The prediction market companies are fighting back, saying that the so-called events contracts they offer are sophisticated financial products — not a form of gambling. They have key allies in the fight, including Trump’s CFTC chair, Mike Selig — who, like the companies, says the agency has “exclusive jurisdiction” over prediction markets. GOP senators including Dave McCormick of Pennsylvania and Bill Hagerty of Tennessee have applauded Selig’s posture on the issue.
But esoteric arguments about the nature of gambling have only gotten so much traction in Congress. What has instead galvanized public attention is the specter of insider trading — including possible profiteering from government officials with foreknowledge of geopolitical events such as the U.S. military intervention in Venezuela or the administration’s strikes in Iran.
Possible insider bets related to the war in Iran have spurred several new bills. Reps. Nikki Budzinski (D-Ill.) and Adrian Smith (R-Neb.) introduced bipartisan legislation last week to ban members of Congress and executive branch officials from participating in prediction markets related to policy decisions and political events.
That bill has attracted support from a handful of House Democratic and GOP lawmakers, and a bipartisan group introduced similar legislation in the Senate. The Coalition for Prediction Markets, which has Kalshi as a member, endorsed the legislation soon after introduction.

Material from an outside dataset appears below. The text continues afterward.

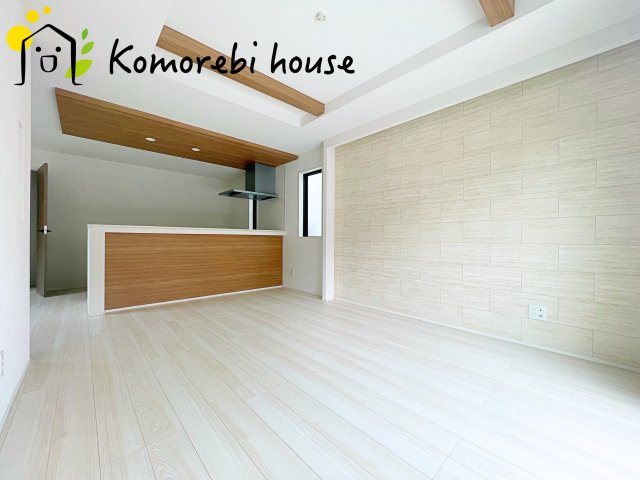鴻巣市吹上本町　3期　新築一戸建て　グラファーレ　02のキッチン|きれいなキッチンです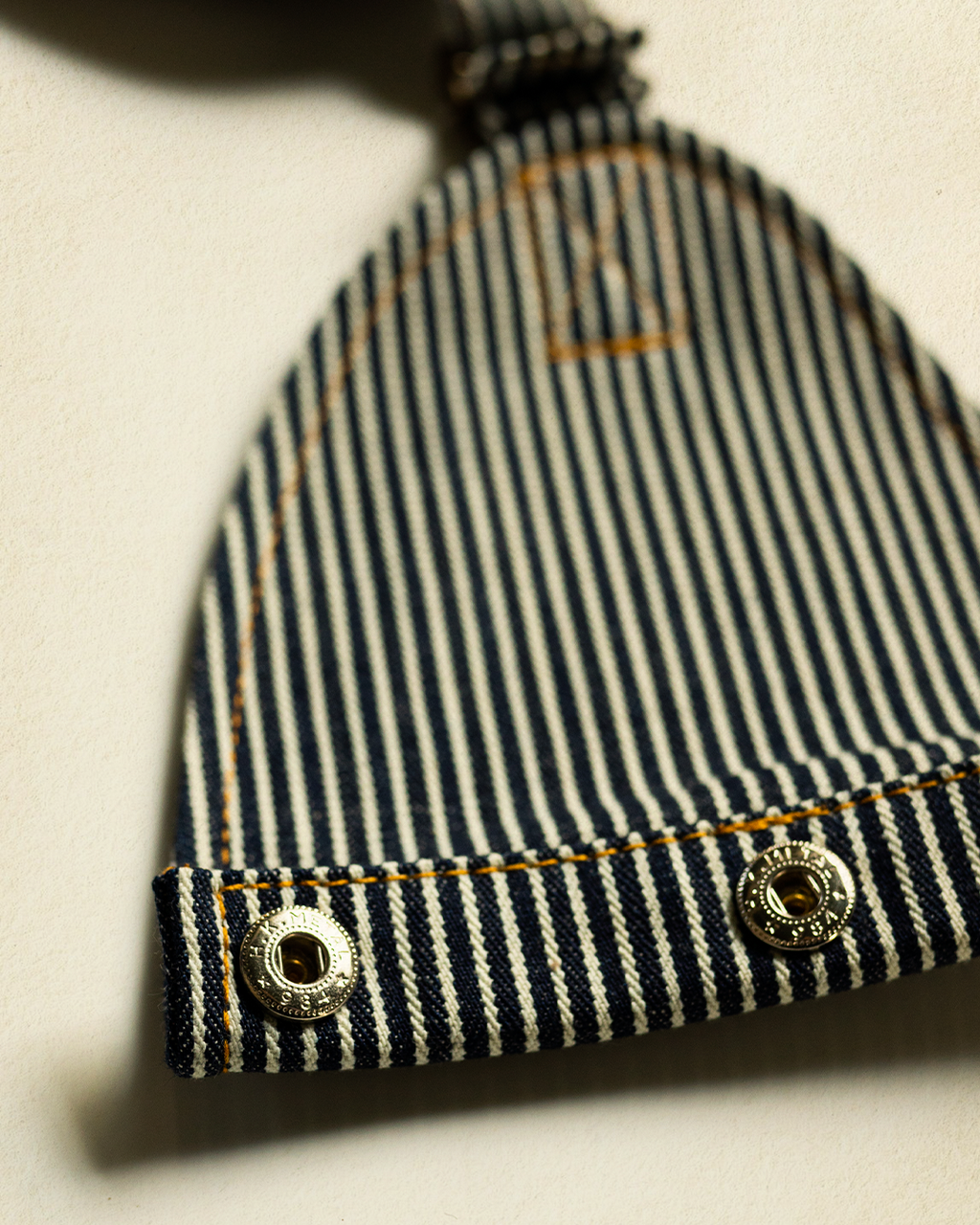 Tommy Cap Ear Flap 'HICKORY'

But there are even broader efforts afoot. Rep. Alexandria Ocasio-Cortez (D-N.Y.) has called for stricter regulations on prediction markets, comparing them to the tobacco industry. And Sen. Chris Murphy (D-Conn.) and Rep. Greg Casar (D-Texas) are aiming to entirely ban a wide range of prediction market trading, including anything predicated on government actions or any event “where an individual knows or controls the outcome.”

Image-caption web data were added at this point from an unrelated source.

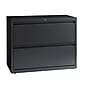 Staples Heavy Duty 2 Drawer Lateral File Cabinet, Letter/Legal Size, 28"H x 36"W x 18.63"D, Charcoal (60949/20884)~#|#~9CE61635-C133-474A-AEE00EAC7AEDF9AD_sc7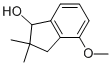 2,3-DIHYDRO-2,2-DIMETHYL-4-METHOXY-1H-INDEN-1-OL,108313-94-6,结构式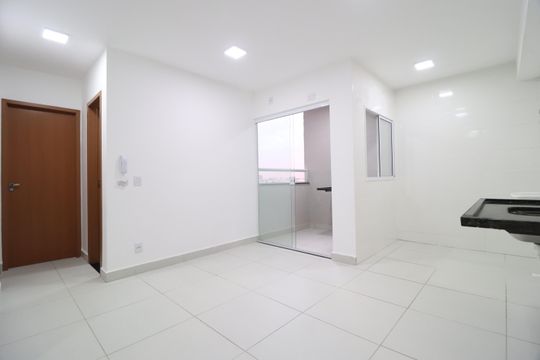 Apartamento para alugar com 2 quartos, 52m² em Novo Mundo, Uberlândia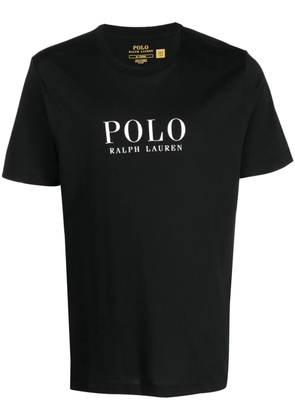 Polo Ralph Lauren logo-print cotton T-shirt - Black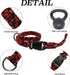 Hands Free Adjustable Wrist Strap for Dog Leash, Security Strap for Retractable Leashes, Red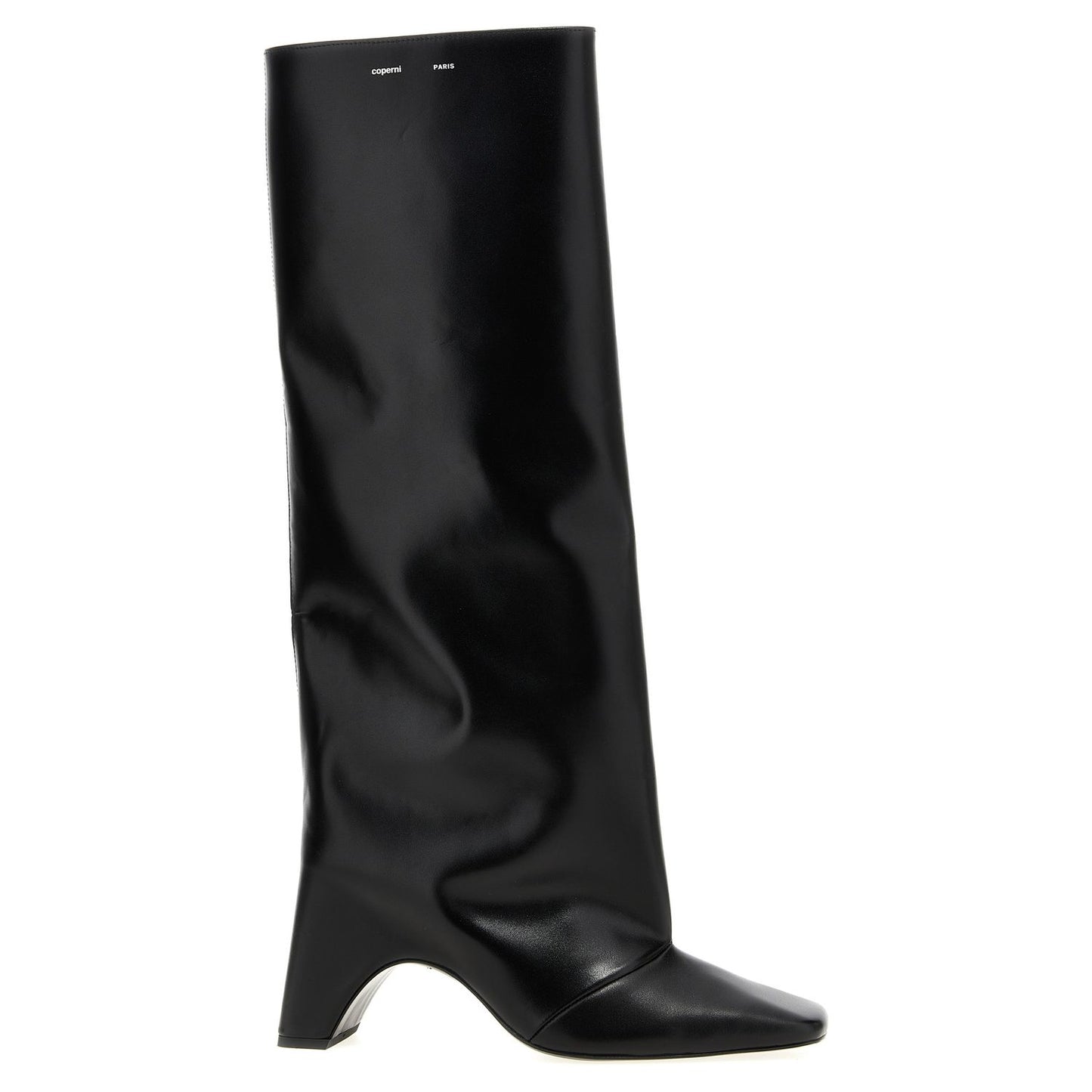 Coperni Black Cowhide Over The Knee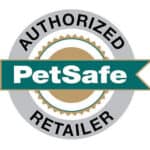 Authorized petsafe retailer badge.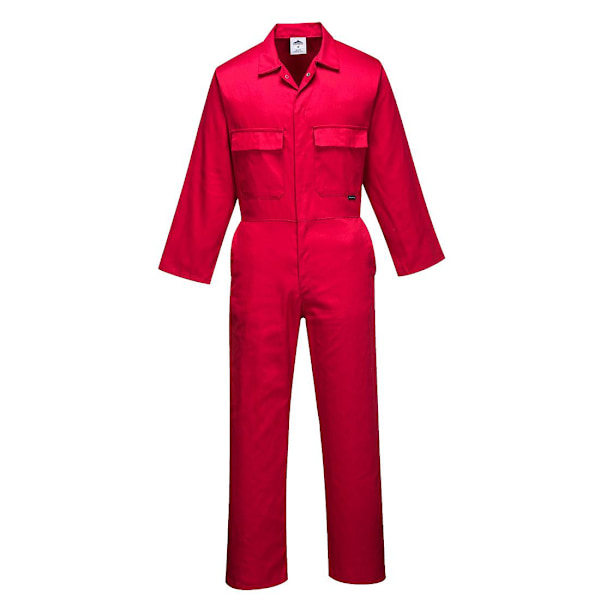 Portwest Unisex Vuxen Euro Arbetskläder 4XL R Röd Red 4XL R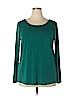 Lane Bryant Green Long Sleeve Top Size 18 - 20 Plus - photo 1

The CFTC has already promised to go after insider trading on the prediction markets, and both Kalshi and Polymarket recently unveiled new measures designed to head off the improper use of inside information on their platforms.
Kalshi also recently rolled out ads across Washington highlighting that it blocks insider trading on its platform and bans trading directly related to war and deaths. Polymarket has also expanded its presence in Washington — most notably with a pop-up bar on K Street.
“Prediction markets are an emerging technology, yes, but they’re not all the same, and we want to highlight those big distinctions,” Kalshi spokesperson Elisabeth Diana said. A Polymarket spokesperson declined to comment.
If Congress does take action on the issue, it will end up with the Agriculture panels, currently led by Boozman in the Senate and Rep. G.T. Thompson (R-Pa.) in the House. Thompson promised “bipartisan hearings and member meetings” on prediction markets in a recent interview.
“It definitely is a focus,” he said. “I don’t know what the conclusion will be.”
But Republicans could be put in a tough spot as prediction market legislation gains momentum. The Trump family has had close ties to prediction markets: Donald Trump Jr. is an adviser to Kalshi and Polymarket, and Trump’s social media company announced last year plans to create Truth-Predict, a new prediction market service.
Some Democrats are skeptical Republicans will actually move to address the issue given the Trump family’s ties and their overall friendliness to the firms.
“I don’t think the Republican-led House or Senate will seriously take this on,” Sen. Jeff Merkley of Oregon said.
Jordain Carney contributed to this report.